UN shelters are overflowing, he said, and UN staff – “the very people leading the humanitarian response” – are being killed.

“Tens of thousands may soon be stranded in the streets of Gaza, without food, water and shelter if attacks on these areas continue,” he said.

Heavy smoke billows following an Israeli military strike in Gaza City. Photo: AFP
He called on the international community to take political action to put an end to the carnage, which continued on Wednesday when three air strikes on the outskirts of the town Shujaiyah killed 15 and injured 150. As thick black smoke billowed from the initial air strike witnesses said emergency services and civilians rushed to help the dead and injured, only to be hit with a further two air strikes minutes later.

The attack was carried during a four-hour “humanitarian lull” announced by the Israeli Defence Force – it had warned “the humanitarian window will not apply to the areas in which IDF soldiers are currently operating”, including Shujaiyah.

Amid scenes of panic and carnage, with bodies torn apart and the severely injured being carried by hand to waiting ambulances, the people of Gaza prepared for another terrifying night of bombardment from Israeli navy boats and F16s.

“This atrocity is barbarity personified,” director-general of the Ministry of Health in Gaza Dr Medhat Abbas said, amid scenes of chaos at hospitals in the centre and north of the coastal strip.

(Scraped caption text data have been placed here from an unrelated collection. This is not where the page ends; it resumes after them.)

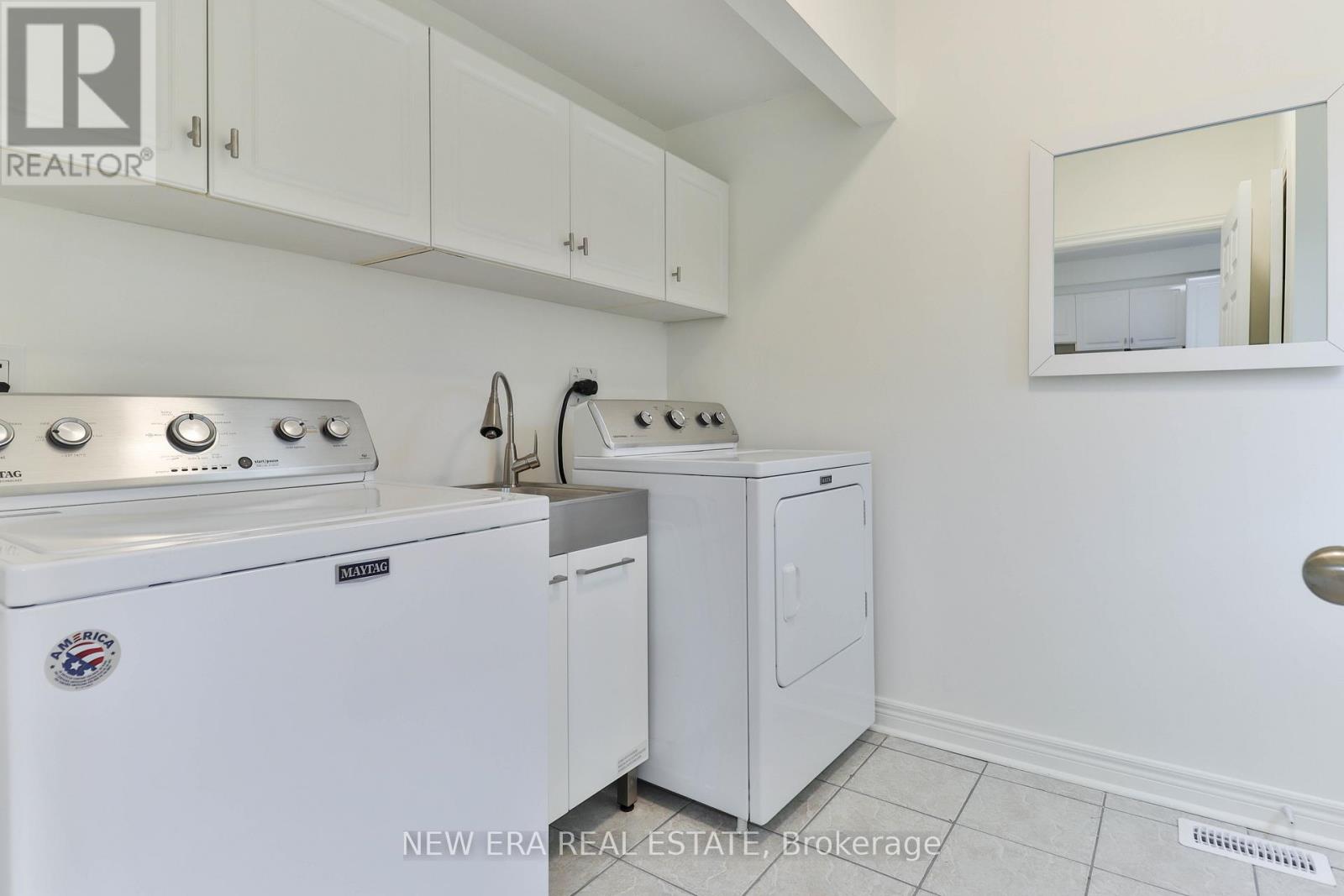 3 Sharon Lee Drive, Markham, Ontario  L6C 2J6 - Photo 9 - N12473788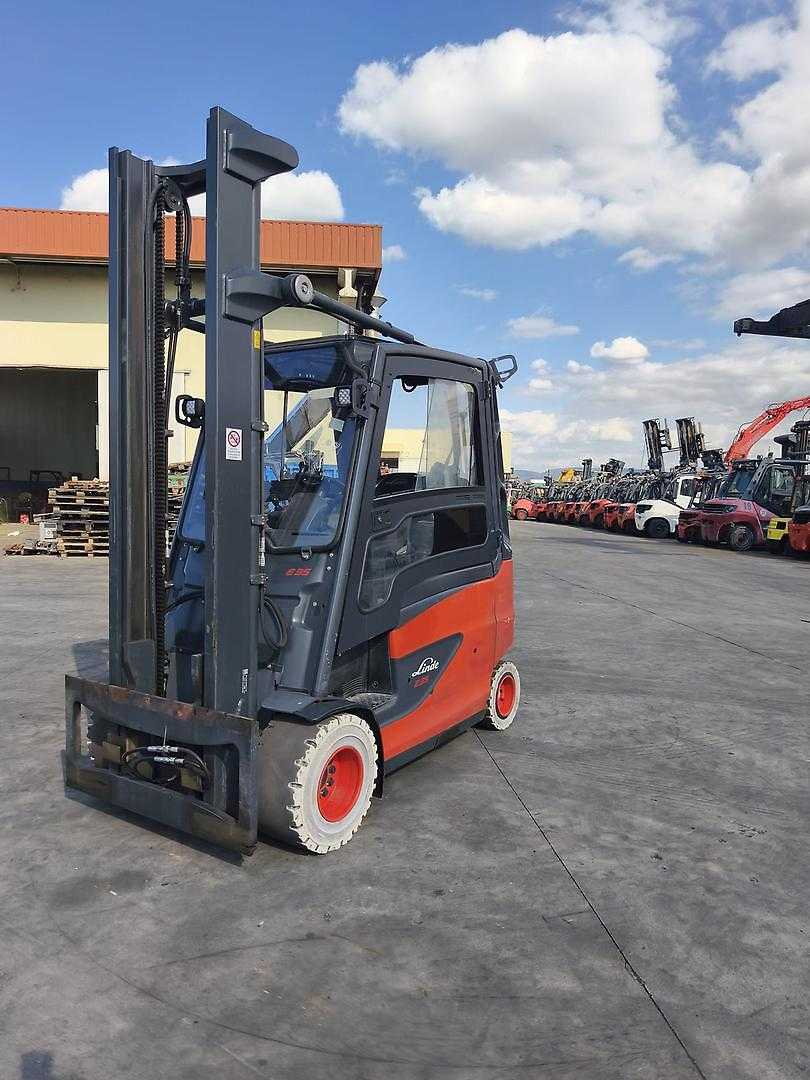 Použité vysokozdvižné vozíky LINDE E35HL-01 ELEKTRO VIERRADFRONTSTAPLER (13071205)
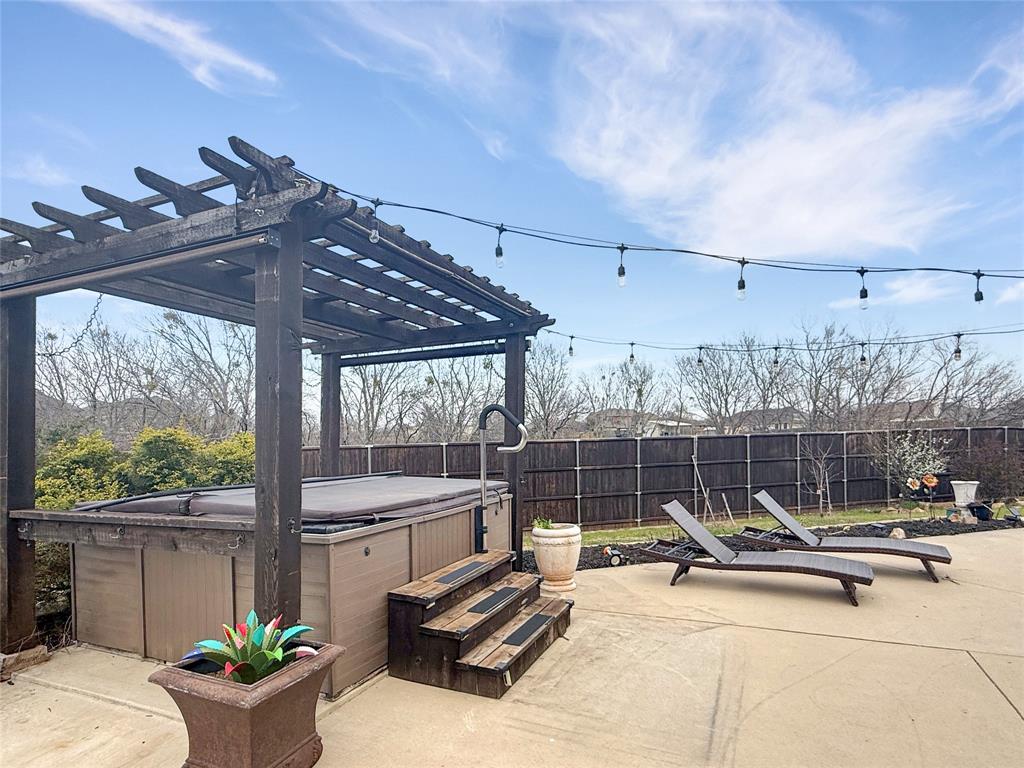 Forney, Texas, 75126, United States, 5 Bedrooms Bedrooms, ,4 BathroomsBathrooms,Residential,For Sale,1736968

More than 108 Palestinians were killed in Israeli air strikes and shelling on Wednesday alone, bringing the toll to at least 1318 dead and 7100 wounded. Human rights groups say 80 per cent of the casualties are civilian and of them, 31 per cent are children.

The Obama administration, without naming Israel, condemned the shelling of the UNRWA school and urged a prompt investigation into the incident.

As its soldiers carried out the deadly attack on Shujaiyah, Israel’s security cabinet held a five-hour meeting to discuss its operations in Gaza. Local media reported that the cabinet had ordered the IDF to continue its offensive against Hamas in Gaza.

Fifty-six soldiers have been killed since Israel began its ground invasion of the coastal strip began on July 17, while three civilians have also died.

In a statement released on Wednesday, the IDF said militants in Gaza had launched more than 2600 rockets toward Israel over the past three weeks, while Israeli forces have hit 4100 targets in Gaza, about one-third connected to rocket launching, a statement said.

During the humanitarian window, 26 rockets had been fired at Israel, two of them were intercepted by Israel’s missile defence system above the southern cities of Ashkelon and Netivot, the IDF reported.

For the third time in two months, UNRWA announced on Tuesday it had found weapons were being stored in schools that were closed for the summer.

“We condemn the group or groups who endangered civilians by placing these munitions in our school,” said spokesperson, Chris Gunness. “This is yet another flagrant violation of the neutrality of our premises.”

The UNRWA director, Mr Krahenbuhl, said the discovery of the weapons, made by UN staff and publicly announced, could in no way justify Israel’s attacks on it schools.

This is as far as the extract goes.